Copy nothing but the text: repeat each entry exactly and drop the images.

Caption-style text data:
######

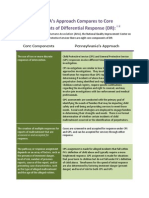 2012-05-03 PA Partnership For Children - Core Components of Differential Response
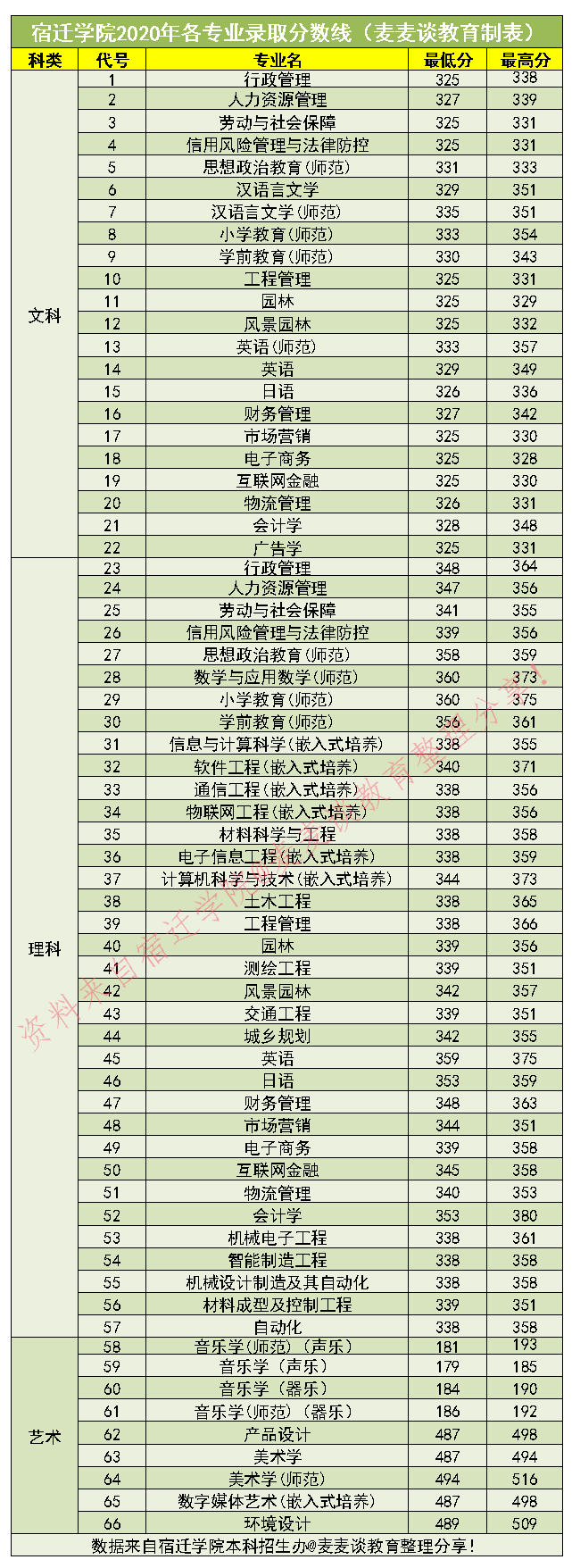宿迁学院2018-2020各专业录取分数线汇总！含外省分数线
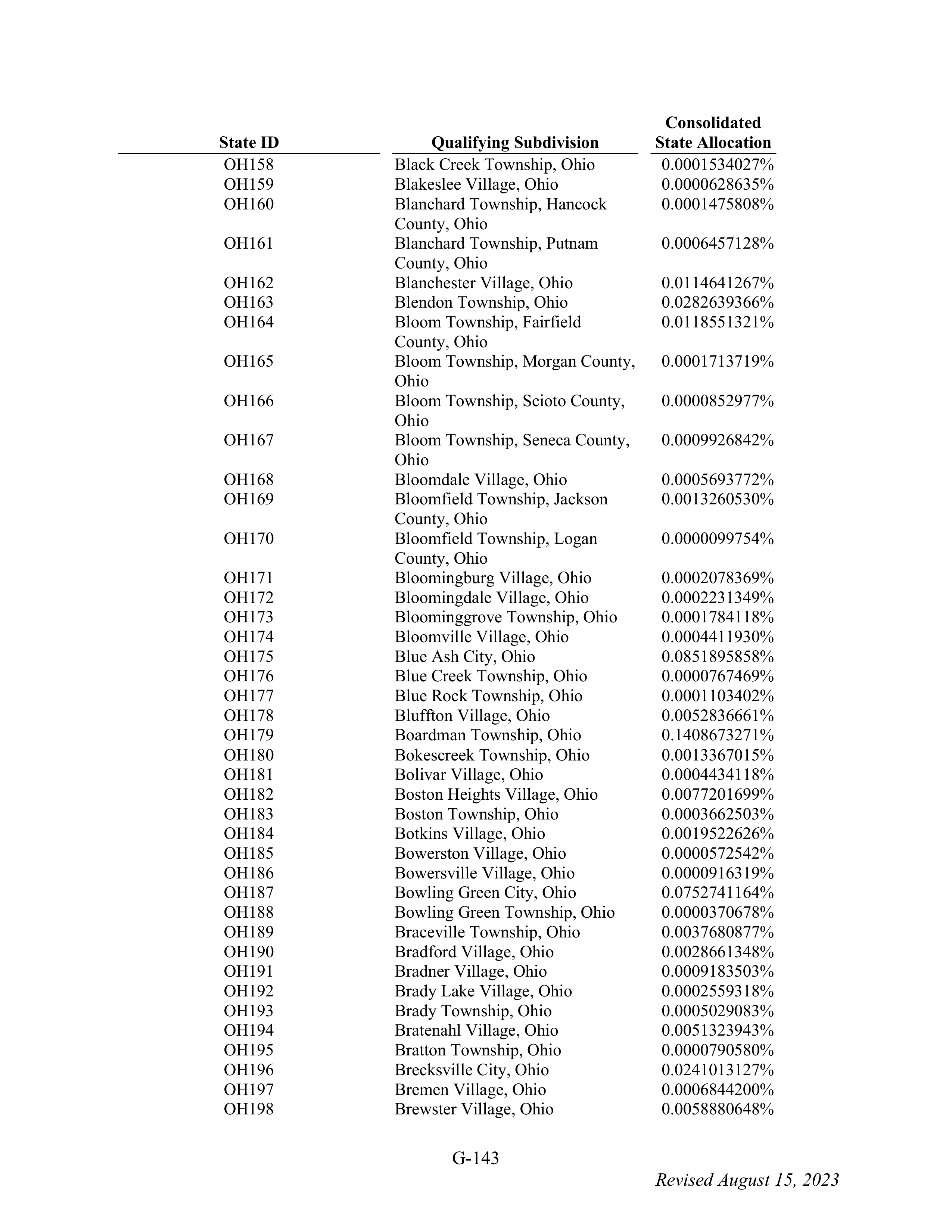 WALMART SETTLEMENT AGREEMENT — page 259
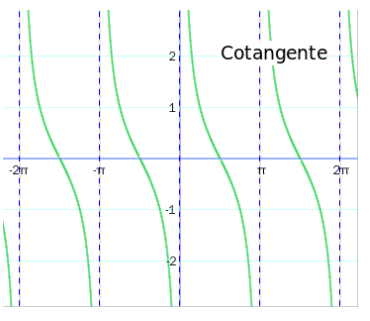 cotan
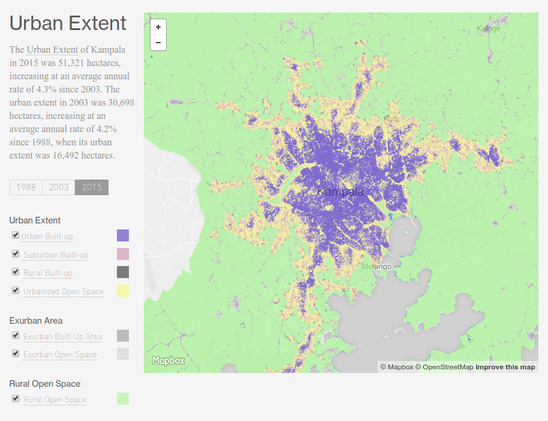 Urban data Kampala Urban Extent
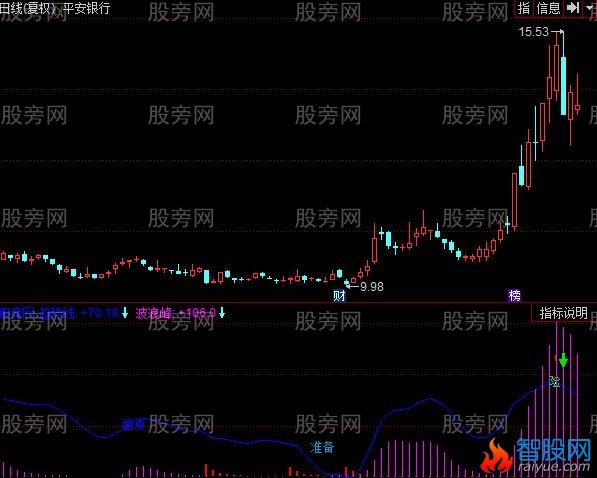 同花顺趋势建仓指标公式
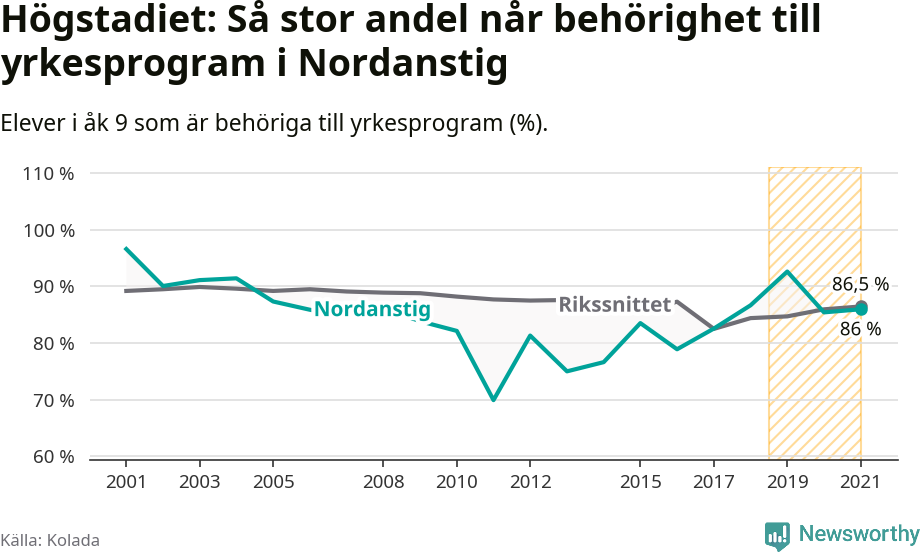 Graf: Andel behöriga till yrkesprogram efter högstadiet Nordanstigs kommun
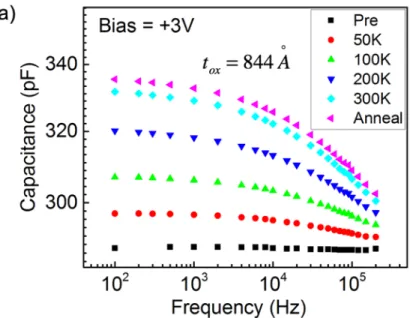 Fig. 2.6. shows the results of C-f measurements at fixed DC voltage, V fb ,  measured  initially  at  high frequency, and then held constant for subsequent measurements at lower frequencies before  irradiation, and for each step-stress dose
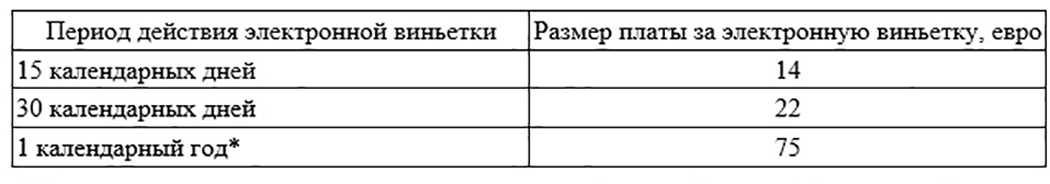 Транспортная инспекция: электронная виньетка только для транспортных средств ≤ 3,5 тонн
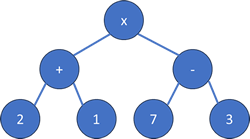 Tree Traversal Algorithms A Level Comp Sci Mrgoff Com - Download Professional Sunset Photo | Retina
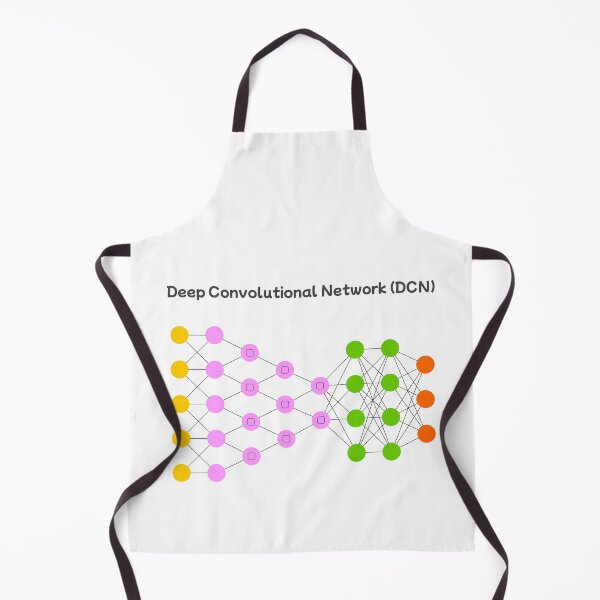 Item preview, Deep Convolutional Network (DCN) - Neural Networks designed and sold by Mechashadow.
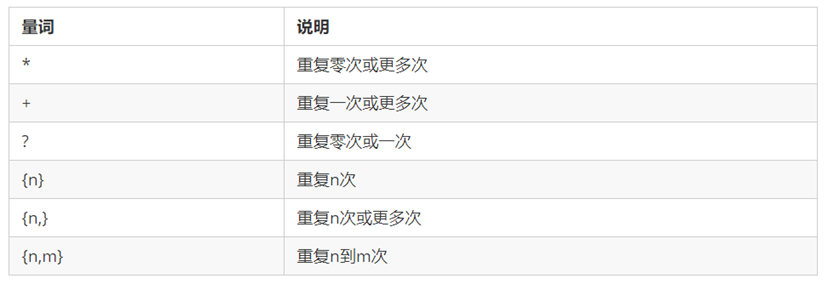 量词说明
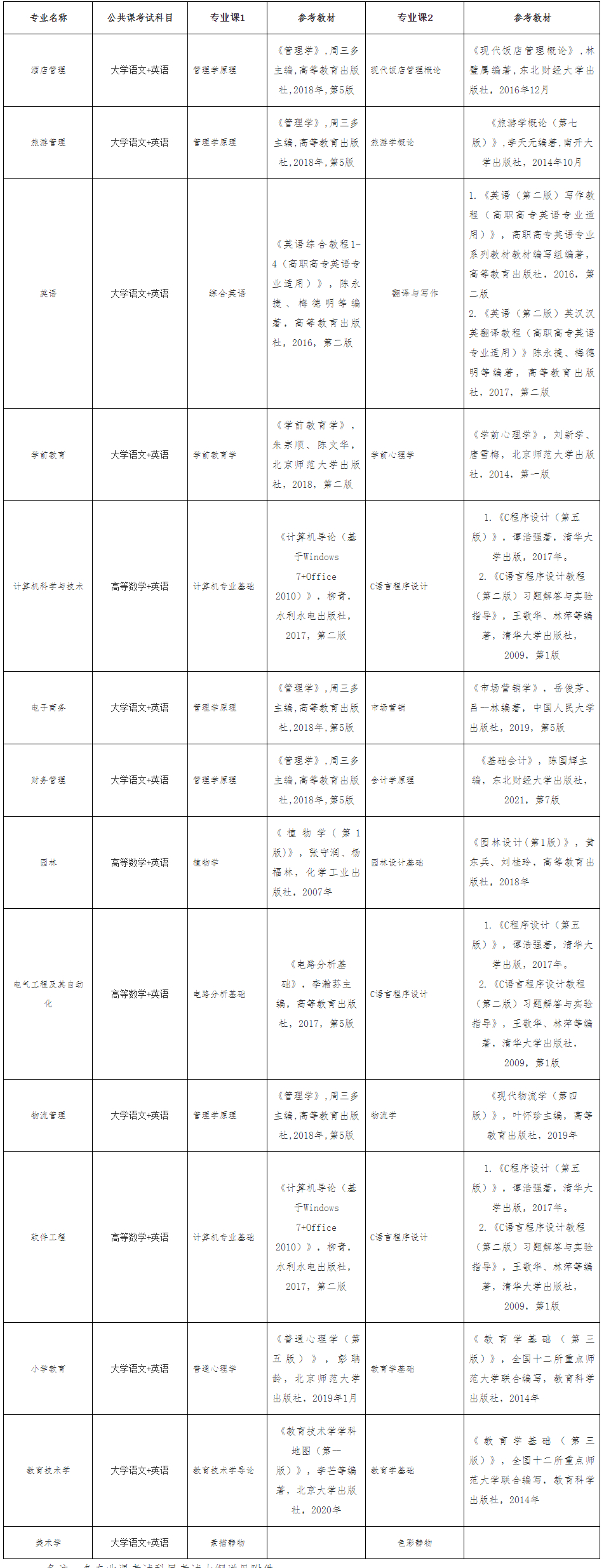 2023年阜阳师范大学普通专升本招生方案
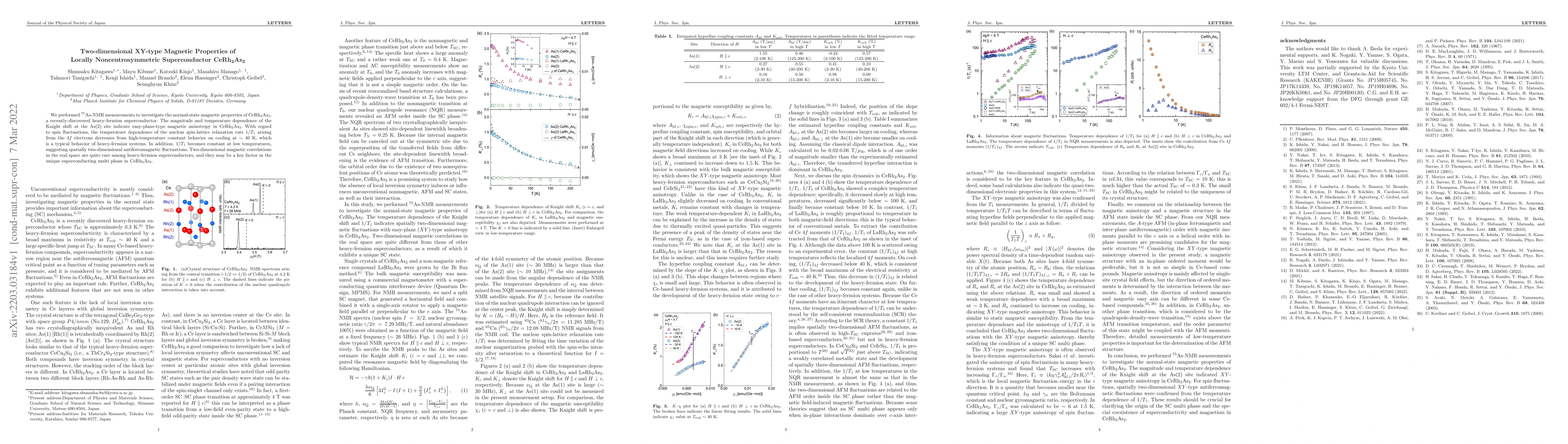 Thumbnail for Two-dimensional XY-type Magnetic Properties of Locally
  Noncentrosymmetric Superconductor CeRh$_2$As$_2$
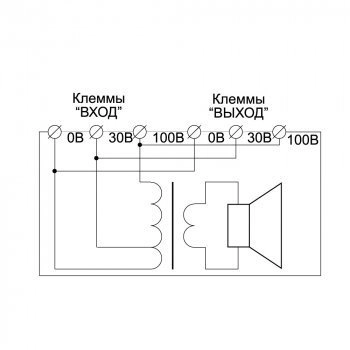 ГЛАГОЛ-Н2-5 изображение 4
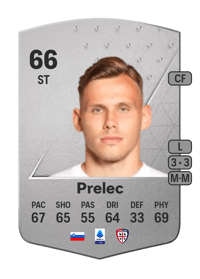 Nik Prelec Common 66 OVR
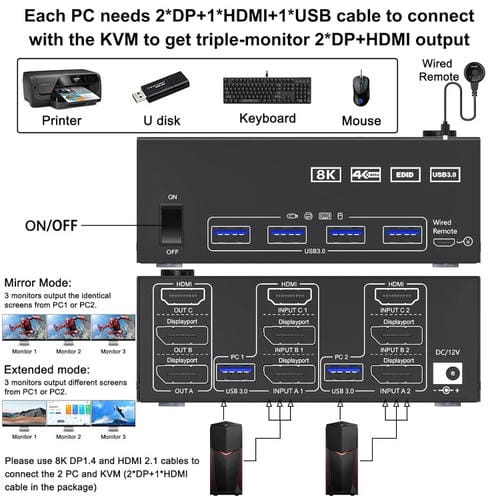 Conmutador KVM de Monitores Triples KC-KVM203DH 8K 30Hz USB 3.0 DP+DP+HDMI Enchufe EE.UU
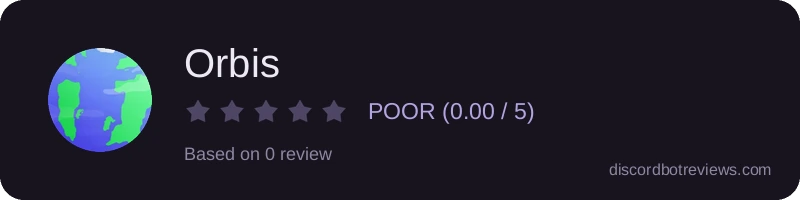 Rating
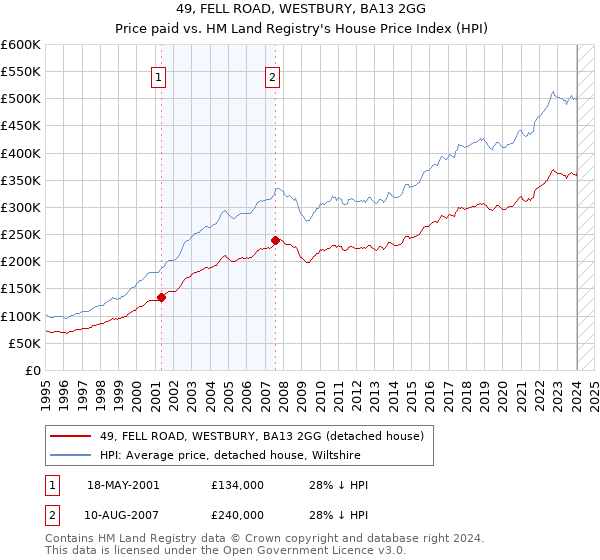 49, FELL ROAD, WESTBURY, BA13 2GG: Price paid vs HM Land Registry's House Price Index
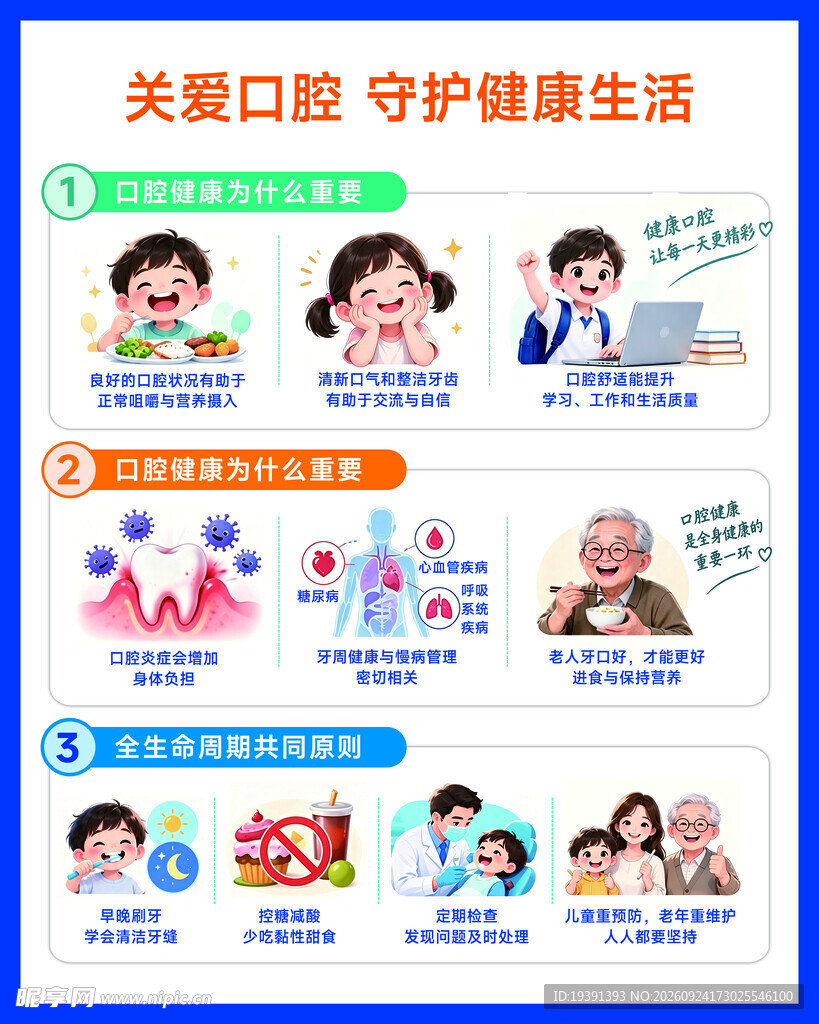关爱口腔健康科普海报
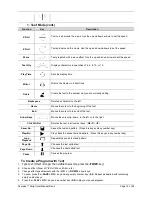 Предварительный просмотр 19 страницы Chauvet Scorpion Script User Manual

######

Completed task:
 2012-05-03 PA Partnership For Children - Core Components of Differential Response
宿迁学院2018-2020各专业录取分数线汇总！含外省分数线
 WALMART SETTLEMENT AGREEMENT — page 259
 cotan
 Urban data Kampala Urban Extent
 同花顺趋势建仓指标公式
 Graf: Andel behöriga till yrkesprogram efter högstadiet Nordanstigs kommun
 Fig. 2.6. shows the results of C-f measurements at fixed DC voltage, V fb ,  measured  initially  at  high frequency, and then held constant for subsequent measurements at lower frequencies before  irradiation, and for each step-stress dose
 Транспортная инспекция: электронная виньетка только для транспортных средств ≤ 3,5 тонн
 Tree Traversal Algorithms A Level Comp Sci Mrgoff Com - Download Professional Sunset Photo | Retina
 Item preview, Deep Convolutional Network (DCN) - Neural Networks designed and sold by Mechashadow.
 量词说明
 2023年阜阳师范大学普通专升本招生方案
 Thumbnail for Two-dimensional XY-type Magnetic Properties of Locally
  Noncentrosymmetric Superconductor CeRh$_2$As$_2$
 ГЛАГОЛ-Н2-5 изображение 4
 Nik Prelec Common 66 OVR
 Conmutador KVM de Monitores Triples KC-KVM203DH 8K 30Hz USB 3.0 DP+DP+HDMI Enchufe EE.UU
 Rating
 49, FELL ROAD, WESTBURY, BA13 2GG: Price paid vs HM Land Registry's House Price Index
关爱口腔健康科普海报
 Предварительный просмотр 19 страницы Chauvet Scorpion Script User Manual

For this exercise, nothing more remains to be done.